STUDY MATERIAL below:
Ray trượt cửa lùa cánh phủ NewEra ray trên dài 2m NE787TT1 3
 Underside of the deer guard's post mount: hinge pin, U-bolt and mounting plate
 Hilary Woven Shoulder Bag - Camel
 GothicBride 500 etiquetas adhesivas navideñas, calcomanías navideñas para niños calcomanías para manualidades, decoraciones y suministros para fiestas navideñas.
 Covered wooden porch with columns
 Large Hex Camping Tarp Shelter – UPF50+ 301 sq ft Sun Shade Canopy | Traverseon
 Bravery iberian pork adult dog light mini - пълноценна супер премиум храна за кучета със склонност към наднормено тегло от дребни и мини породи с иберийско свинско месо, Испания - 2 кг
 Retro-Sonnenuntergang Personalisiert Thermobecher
End of STUDY MATERIAL.
■ ACTIVITY
An exact restatement of the data above is required.

■ SOLUTION TO THE PROBLEM
Ray trượt cửa lùa cánh phủ NewEra ray trên dài 2m NE787TT1 3
 Underside of the deer guard's post mount: hinge pin, U-bolt and mounting plate
 Hilary Woven Shoulder Bag - Camel
 GothicBride 500 etiquetas adhesivas navideñas, calcomanías navideñas para niños calcomanías para manualidades, decoraciones y suministros para fiestas navideñas.
 Covered wooden porch with columns
 Large Hex Camping Tarp Shelter – UPF50+ 301 sq ft Sun Shade Canopy | Traverseon
 Bravery iberian pork adult dog light mini - пълноценна супер премиум храна за кучета със склонност към наднормено тегло от дребни и мини породи с иберийско свинско месо, Испания - 2 кг
 Retro-Sonnenuntergang Personalisiert Thermobecher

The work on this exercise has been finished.